Unfortunately, because all the windows except for the one in the middle were covered over, he couldn’t see out the window. Not that there was much to see before launch except for the room outside the capsule they called “The White Room.”

A few minutes before take off, Ken Maddenly, another member of the crew, told him he could see the moon.

“They got us pointed in right direction,” Maddenly said at the time.

When the engines started, the rocket didn’t move right away.

“You just sit there and you can imagine those engines at the bottom shaking, and by the time it goes up to the 360-feet at the tip and it gets there, it’s shaking pretty good,” Duke said. “I didn’t remember anybody telling me it was supposed to shake and I was a little nervous.”

Duke described lift off as feeling like an elevator going up at first, but very slowly.

“As we burned out of fuel, of course, we accelerated,” he said. “The first stage, which was the big one, lasted for two minutes and 41 seconds and took us to an altitude of about 50 kilometers.”

“A few seconds later, they uncovered the windows and we could see out and look down at the crystal blue ocean of the Atlantic.

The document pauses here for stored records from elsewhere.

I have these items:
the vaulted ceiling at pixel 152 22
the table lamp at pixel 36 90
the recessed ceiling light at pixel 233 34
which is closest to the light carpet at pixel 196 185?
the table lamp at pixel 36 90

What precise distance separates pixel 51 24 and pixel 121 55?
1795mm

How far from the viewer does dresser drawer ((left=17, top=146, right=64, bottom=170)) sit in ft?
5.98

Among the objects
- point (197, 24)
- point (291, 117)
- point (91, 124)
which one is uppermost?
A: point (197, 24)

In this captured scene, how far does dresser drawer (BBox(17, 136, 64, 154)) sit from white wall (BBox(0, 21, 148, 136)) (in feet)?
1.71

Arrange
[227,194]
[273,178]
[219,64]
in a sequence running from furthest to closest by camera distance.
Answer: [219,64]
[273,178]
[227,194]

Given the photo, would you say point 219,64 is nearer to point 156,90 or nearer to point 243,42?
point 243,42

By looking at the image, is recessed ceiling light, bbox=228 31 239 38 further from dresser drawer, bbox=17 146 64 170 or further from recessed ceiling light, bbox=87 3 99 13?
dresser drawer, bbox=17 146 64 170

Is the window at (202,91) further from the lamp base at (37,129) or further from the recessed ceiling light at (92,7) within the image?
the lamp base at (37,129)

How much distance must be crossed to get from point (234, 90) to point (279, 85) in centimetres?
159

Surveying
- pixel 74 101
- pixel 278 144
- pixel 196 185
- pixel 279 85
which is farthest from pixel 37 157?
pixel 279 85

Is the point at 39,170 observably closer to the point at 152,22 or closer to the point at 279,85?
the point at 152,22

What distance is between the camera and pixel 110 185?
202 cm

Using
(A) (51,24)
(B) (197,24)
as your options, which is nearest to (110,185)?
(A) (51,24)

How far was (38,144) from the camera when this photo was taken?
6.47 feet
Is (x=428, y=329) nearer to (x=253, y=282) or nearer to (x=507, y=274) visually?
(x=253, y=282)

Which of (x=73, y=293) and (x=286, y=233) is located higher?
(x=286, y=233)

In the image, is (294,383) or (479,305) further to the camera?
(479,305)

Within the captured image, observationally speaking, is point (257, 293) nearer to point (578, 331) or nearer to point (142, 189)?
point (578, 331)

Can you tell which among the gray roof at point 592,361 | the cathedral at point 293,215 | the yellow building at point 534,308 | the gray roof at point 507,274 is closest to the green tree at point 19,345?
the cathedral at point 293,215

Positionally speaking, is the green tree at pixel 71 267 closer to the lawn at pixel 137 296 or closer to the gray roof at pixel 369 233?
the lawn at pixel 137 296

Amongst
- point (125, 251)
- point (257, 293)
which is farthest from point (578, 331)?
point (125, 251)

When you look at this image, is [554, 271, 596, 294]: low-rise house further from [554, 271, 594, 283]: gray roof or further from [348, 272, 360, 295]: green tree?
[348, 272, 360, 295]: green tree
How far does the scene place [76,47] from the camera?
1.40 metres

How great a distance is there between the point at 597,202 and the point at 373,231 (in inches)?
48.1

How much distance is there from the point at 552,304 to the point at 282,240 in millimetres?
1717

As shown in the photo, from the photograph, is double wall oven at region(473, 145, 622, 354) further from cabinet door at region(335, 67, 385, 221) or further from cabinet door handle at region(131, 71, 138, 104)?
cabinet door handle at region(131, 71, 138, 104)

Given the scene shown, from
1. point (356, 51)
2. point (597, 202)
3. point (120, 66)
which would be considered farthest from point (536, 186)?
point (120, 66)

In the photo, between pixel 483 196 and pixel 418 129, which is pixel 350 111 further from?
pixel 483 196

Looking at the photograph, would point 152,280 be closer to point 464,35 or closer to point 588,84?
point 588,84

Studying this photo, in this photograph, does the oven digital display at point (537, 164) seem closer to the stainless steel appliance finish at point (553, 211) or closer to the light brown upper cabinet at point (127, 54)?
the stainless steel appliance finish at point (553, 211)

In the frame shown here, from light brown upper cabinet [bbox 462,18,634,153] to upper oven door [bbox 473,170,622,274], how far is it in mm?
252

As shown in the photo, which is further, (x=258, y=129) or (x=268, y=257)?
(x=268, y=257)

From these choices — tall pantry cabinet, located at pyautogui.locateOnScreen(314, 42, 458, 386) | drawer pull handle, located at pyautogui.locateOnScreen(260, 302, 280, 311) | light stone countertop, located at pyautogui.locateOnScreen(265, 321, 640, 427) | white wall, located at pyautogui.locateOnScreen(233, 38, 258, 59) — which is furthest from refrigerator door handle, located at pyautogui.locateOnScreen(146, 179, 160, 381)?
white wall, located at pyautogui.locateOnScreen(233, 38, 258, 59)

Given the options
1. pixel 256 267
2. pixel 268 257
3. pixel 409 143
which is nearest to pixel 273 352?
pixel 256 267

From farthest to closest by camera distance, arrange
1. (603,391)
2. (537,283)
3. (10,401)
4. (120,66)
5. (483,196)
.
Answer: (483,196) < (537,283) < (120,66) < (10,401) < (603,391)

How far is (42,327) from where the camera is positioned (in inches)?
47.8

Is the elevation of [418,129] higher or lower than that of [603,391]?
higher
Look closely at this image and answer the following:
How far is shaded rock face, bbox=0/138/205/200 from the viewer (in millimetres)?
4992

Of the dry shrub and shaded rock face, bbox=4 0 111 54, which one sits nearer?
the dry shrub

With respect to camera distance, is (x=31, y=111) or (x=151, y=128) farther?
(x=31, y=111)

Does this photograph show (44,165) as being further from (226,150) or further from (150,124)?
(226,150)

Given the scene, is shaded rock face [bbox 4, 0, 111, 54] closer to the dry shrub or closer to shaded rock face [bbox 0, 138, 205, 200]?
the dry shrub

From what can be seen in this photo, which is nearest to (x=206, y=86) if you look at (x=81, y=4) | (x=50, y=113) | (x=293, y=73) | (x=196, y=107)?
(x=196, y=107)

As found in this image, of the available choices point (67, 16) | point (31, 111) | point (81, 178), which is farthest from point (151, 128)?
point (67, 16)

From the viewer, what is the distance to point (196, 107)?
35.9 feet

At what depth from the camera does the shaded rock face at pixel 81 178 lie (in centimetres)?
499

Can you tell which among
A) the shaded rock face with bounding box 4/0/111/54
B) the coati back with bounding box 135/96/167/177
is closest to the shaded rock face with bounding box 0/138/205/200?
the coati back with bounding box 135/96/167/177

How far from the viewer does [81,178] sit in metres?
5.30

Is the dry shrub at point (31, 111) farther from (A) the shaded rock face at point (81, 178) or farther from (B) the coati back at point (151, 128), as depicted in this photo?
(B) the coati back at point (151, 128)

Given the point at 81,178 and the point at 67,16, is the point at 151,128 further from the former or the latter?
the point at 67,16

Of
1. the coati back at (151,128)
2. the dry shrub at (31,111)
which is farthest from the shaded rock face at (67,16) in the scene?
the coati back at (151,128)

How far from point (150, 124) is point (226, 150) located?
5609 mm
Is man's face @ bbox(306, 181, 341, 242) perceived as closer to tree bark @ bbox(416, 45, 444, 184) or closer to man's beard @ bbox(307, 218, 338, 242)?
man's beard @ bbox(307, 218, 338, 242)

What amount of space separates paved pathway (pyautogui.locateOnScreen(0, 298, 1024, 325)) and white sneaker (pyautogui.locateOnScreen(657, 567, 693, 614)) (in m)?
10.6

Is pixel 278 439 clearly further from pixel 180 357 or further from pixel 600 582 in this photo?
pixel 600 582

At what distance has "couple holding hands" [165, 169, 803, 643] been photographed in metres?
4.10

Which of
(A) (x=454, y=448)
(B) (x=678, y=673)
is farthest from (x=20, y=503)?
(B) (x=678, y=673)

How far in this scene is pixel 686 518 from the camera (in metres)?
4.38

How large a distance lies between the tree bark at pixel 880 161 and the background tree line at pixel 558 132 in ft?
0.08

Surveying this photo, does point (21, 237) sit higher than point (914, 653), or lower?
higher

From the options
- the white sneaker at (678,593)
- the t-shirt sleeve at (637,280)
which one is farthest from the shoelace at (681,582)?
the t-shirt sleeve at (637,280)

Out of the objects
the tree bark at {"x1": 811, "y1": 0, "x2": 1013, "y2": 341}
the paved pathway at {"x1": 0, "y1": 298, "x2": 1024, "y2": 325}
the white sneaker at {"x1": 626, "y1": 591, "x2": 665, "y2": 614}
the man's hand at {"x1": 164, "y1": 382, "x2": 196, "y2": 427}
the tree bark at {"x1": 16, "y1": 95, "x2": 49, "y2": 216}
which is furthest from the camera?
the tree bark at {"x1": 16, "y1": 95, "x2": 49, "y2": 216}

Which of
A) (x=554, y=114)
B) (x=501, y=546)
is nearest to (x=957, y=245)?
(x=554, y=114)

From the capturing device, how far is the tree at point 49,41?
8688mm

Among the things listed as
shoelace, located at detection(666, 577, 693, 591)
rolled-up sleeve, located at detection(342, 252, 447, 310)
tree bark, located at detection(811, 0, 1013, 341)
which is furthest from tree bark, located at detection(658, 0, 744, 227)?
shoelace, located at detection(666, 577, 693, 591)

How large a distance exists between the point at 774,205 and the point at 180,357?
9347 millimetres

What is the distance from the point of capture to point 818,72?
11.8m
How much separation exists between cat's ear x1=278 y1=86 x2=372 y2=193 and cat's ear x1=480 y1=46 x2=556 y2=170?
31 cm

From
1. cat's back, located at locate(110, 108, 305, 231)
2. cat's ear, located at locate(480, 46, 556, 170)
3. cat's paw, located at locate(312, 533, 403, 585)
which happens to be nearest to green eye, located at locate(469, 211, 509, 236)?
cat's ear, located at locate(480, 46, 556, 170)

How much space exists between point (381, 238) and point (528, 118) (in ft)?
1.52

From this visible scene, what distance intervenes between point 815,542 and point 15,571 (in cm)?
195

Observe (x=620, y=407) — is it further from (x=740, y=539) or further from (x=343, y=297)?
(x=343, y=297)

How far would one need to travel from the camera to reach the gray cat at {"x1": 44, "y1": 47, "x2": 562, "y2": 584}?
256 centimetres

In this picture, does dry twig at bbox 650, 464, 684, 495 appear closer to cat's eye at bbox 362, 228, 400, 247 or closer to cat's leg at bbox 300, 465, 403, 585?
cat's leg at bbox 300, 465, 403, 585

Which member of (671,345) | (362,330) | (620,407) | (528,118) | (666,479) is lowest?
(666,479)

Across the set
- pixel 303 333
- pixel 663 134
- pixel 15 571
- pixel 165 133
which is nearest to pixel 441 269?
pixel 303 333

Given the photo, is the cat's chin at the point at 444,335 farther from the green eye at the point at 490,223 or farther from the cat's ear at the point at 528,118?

“We circled the earth for one and half revolutions, which took us two and half hours,” he said. “That took us over Australia and then we accelerated to 25,000 miles per hour and headed toward the moon.”

They kept busy on the three-day trip to the moon with various experiments, often floating in space along side their space suits – suits oddly made by the parent company of Maiden Form.

“We arrived at the moon on the third day of our mission,” he said.

The craft went into orbit on the dark side of the moon, a place that he called “very eerie.”

“We orbited the moon for a day while we got everything lined up right so we could go over our landing site,” he said.

On the fourth day of the mission, he and John Young boarded the Lunar Lander, got strapped in, and then heard the bad news from Maddenly, who said, “Something is wrong with the engine.”

This meant that after traveling 240,000 miles and hovering only eight miles above the surface of the moon, they might have to abort the landing. Six hours later, NASA resolved the problem and the lander set down on the moon’s surface.

Duke and Young spent the next three days on the moon.

Apollo 16 was the first scientific expedition to survey and sample materials and surface features in the Descartes regions of the lunar highlands. Duke said the region is right in the center of a full moon.

Duke said one of the mountains near to where they landed reminded him of a mountain where he grew up, so he named it after the mountain back home, Stone Mountain.

The two astronauts logged the most hours on the moon’s surface of all missions and brought back to earth the largest payload of moon materials.

Young drove the lunar buggy that allowed the astronauts to access larger areas of the surface, although the land was so rough, the buggy often drove on only two of four wheels. At one point, Duke took a motion picture of the buggy, the only moving picture taken on the surface of the moon to date.

On the return trip to earth, Duke had to walk in space to help retrieve mapping camera film. He floated in space that was 60,000 miles from the moon and 180,000 miles from Earth.

Because the sun is always present, he didn’t see stars. He saw the blue and white surface of earth, but not much detail.

“I had the feeling that everything we saw belonged to us,” he said. “I was in awe.”

Except what he heard on the radio in communicating, he heard mostly the sound of his own breathing in his suit.

When they reentered the atmosphere, Duke said perhaps the most satisfying moment was when the parachutes deployed and the craft splashed down safely.

Duke told students that they should set goals for themselves, but also get the kind of education that will prepare them for the unexpected.

“I never expected to become an astronaut, but when the opportunity came, I was prepared for it,” he said.